Your objective
Copy the data below exactly, but not the pictures it contains.

Short text fragments from websites
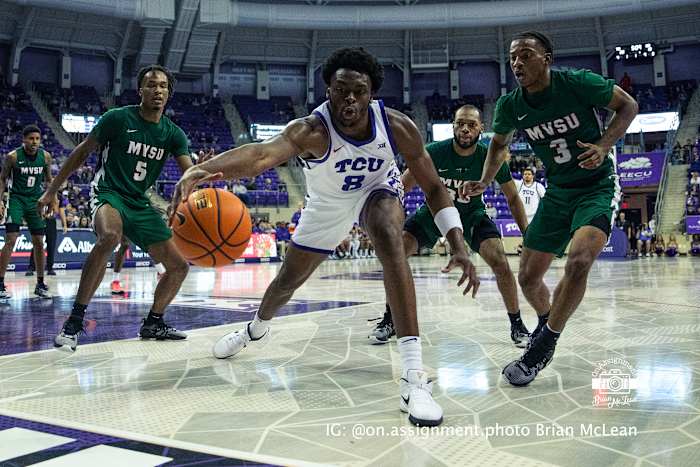 TCU center Ernest Udeh Jr against Mississippi Valley State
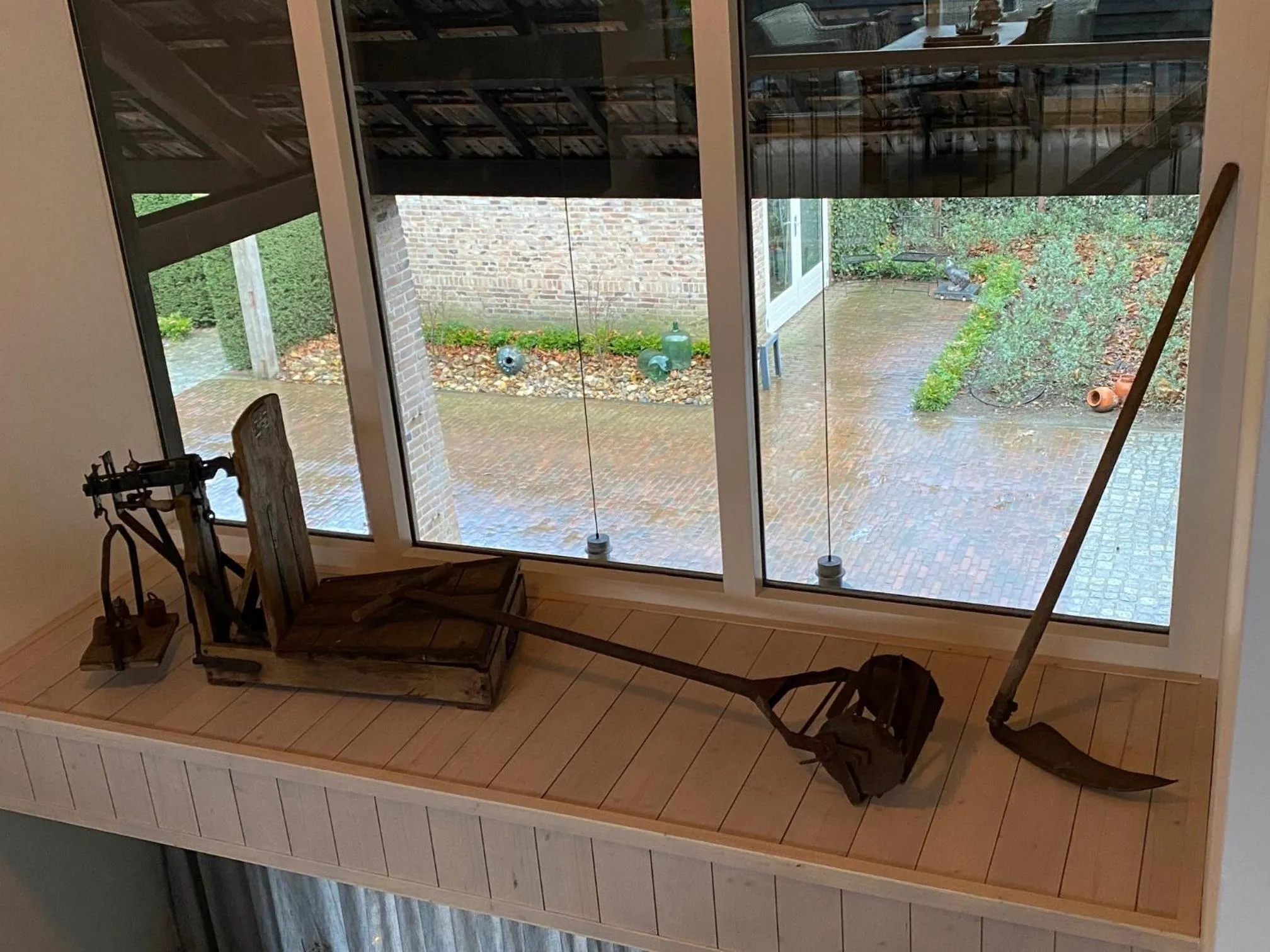 Garden view in B&B Bavelse Hoeve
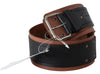 Costume National Black Brown Leather Wide Silver Buckle Belt Costume National GENUINE AUTHENTIC BRAND LLC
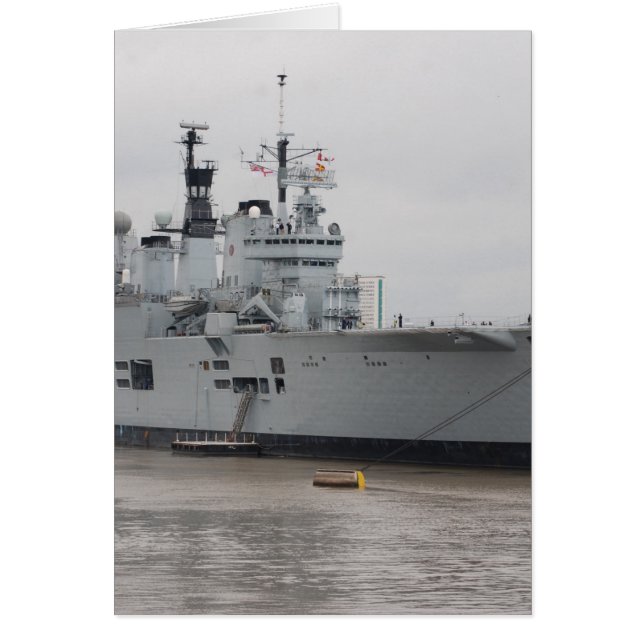 英国空母 (正面)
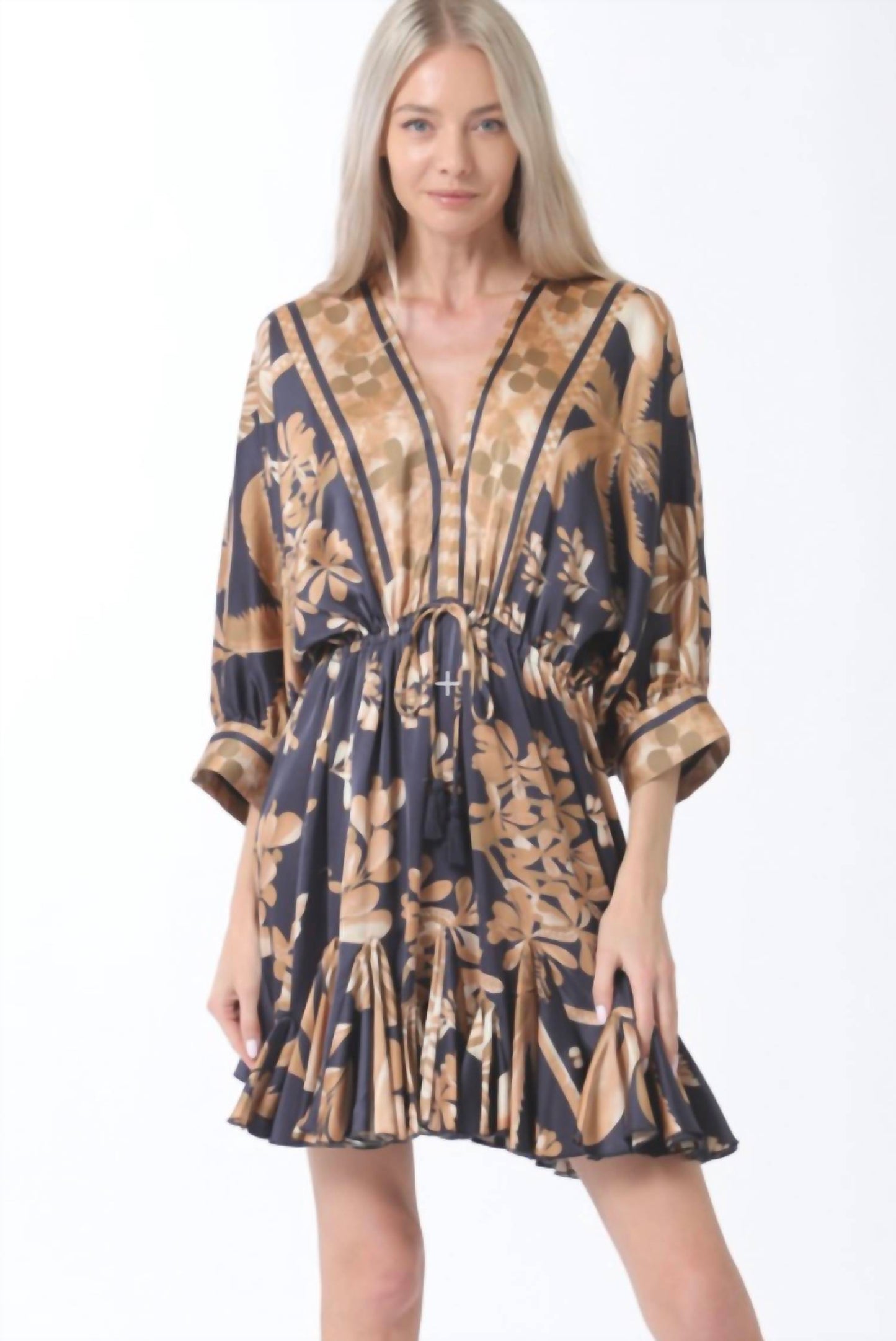 Multi Border Print Dress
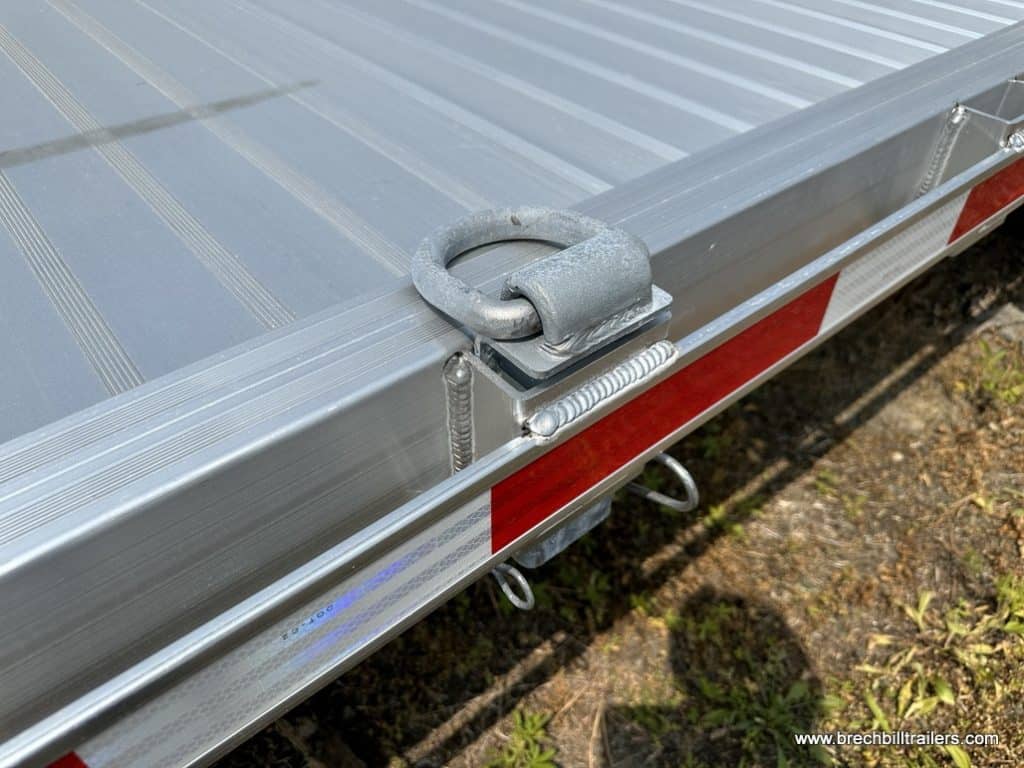 D ring on the trailer.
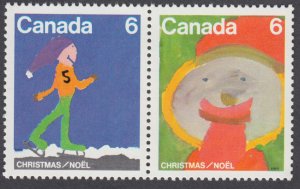 Canada - #675a Christmas - Se-Tenant Pair - MNH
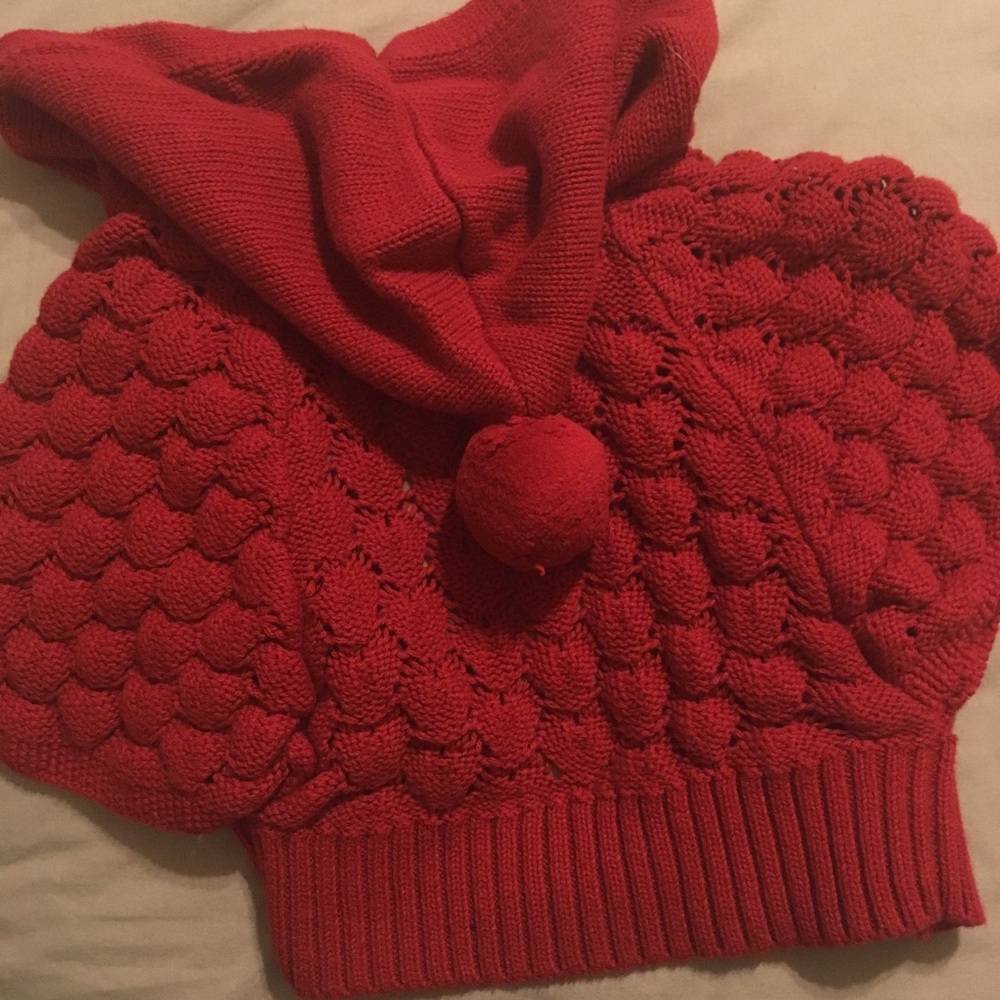 Little Red Riding Hood Poncho, size 12mths
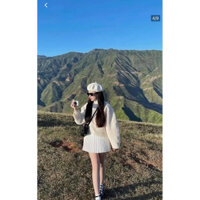 Áo len xù lông za.ra dáng thụng bánh bèo od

Response
 TCU center Ernest Udeh Jr against Mississippi Valley State
 Garden view in B&B Bavelse Hoeve
 Costume National Black Brown Leather Wide Silver Buckle Belt Costume National GENUINE AUTHENTIC BRAND LLC
 英国空母 (正面)
 Multi Border Print Dress
 D ring on the trailer.
 Canada - #675a Christmas - Se-Tenant Pair - MNH
 Little Red Riding Hood Poncho, size 12mths
 Áo len xù lông za.ra dáng thụng bánh bèo od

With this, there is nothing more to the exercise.